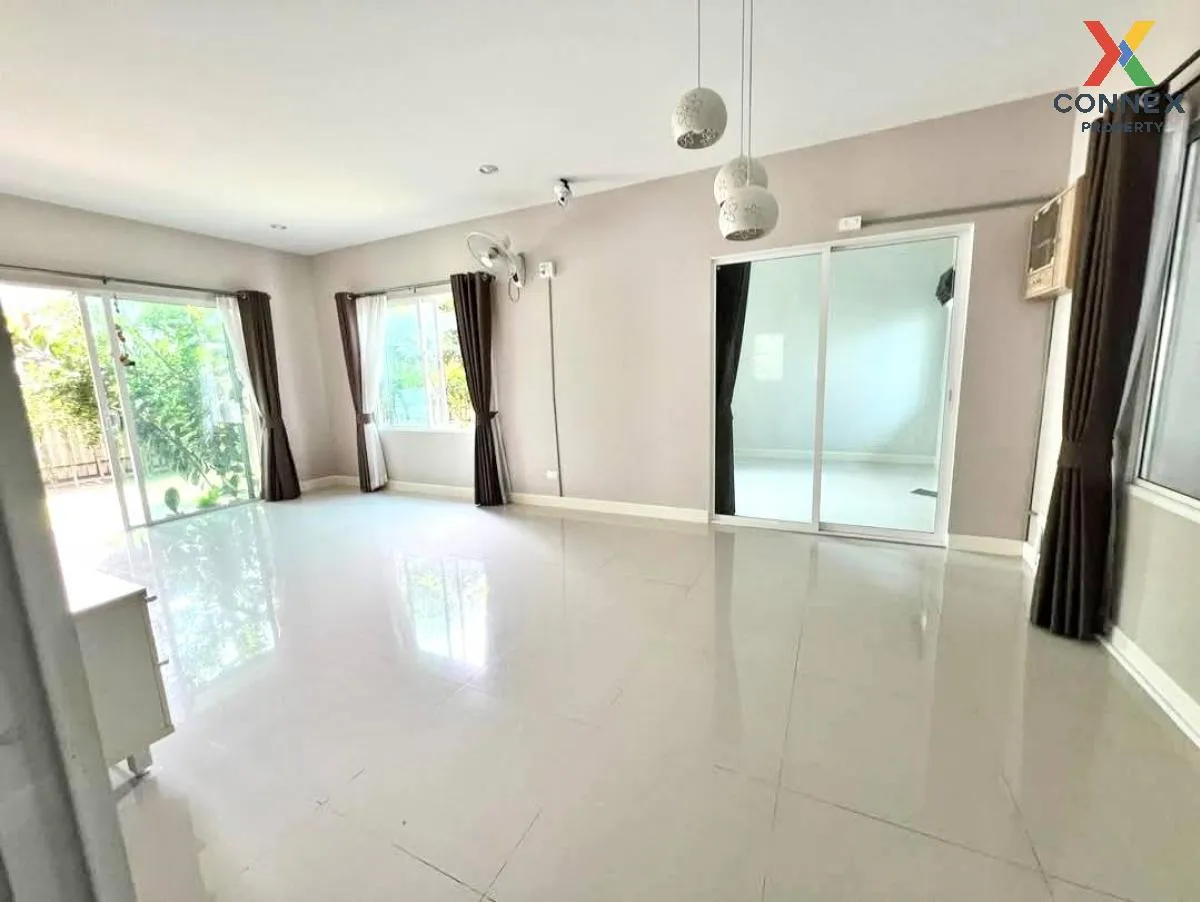 For Sale House , Kanasiri Chaiyaphruek - Wongwaen , wide frontage 4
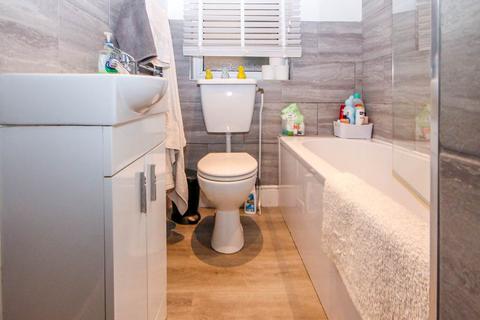 2 bedroom flat to rent, Paisley Road , Southbourne , Bournemouth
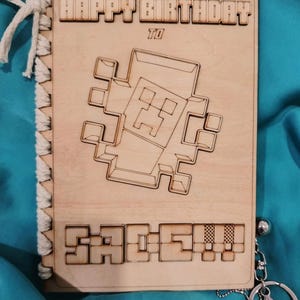 Tarjeta de madera personalizada única para un cumpleaños especial: tema de Minecraft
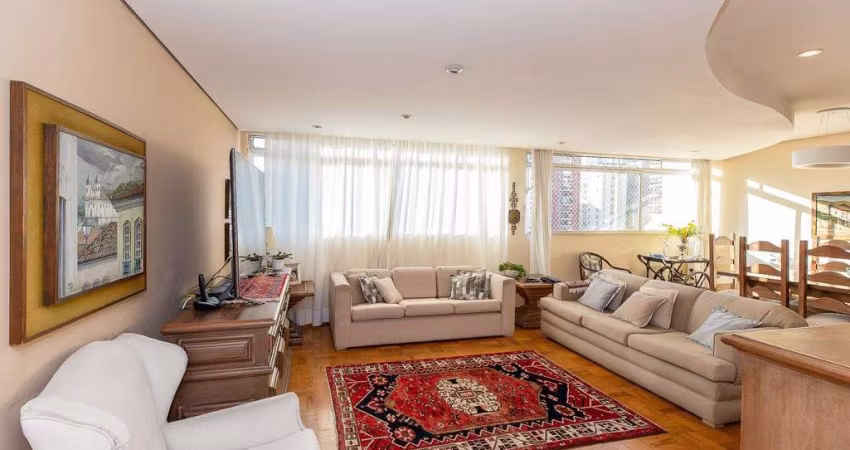 Apartamento à venda, 2 quartos, 1 suíte, Itaim Bibi - São Paulo/SP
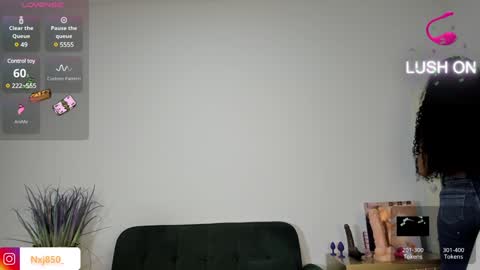 Naomi     online show from January 30, 2025, 7:48 pm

### Work to complete
Every line from the one with "Tarjeta de madera" through the last line of the listing above must be written out exactly, and no picture may appear.

### Reply to the task
 Tarjeta de madera personalizada única para un cumpleaños especial: tema de Minecraft
 Apartamento à venda, 2 quartos, 1 suíte, Itaim Bibi - São Paulo/SP
 Naomi     online show from January 30, 2025, 7:48 pm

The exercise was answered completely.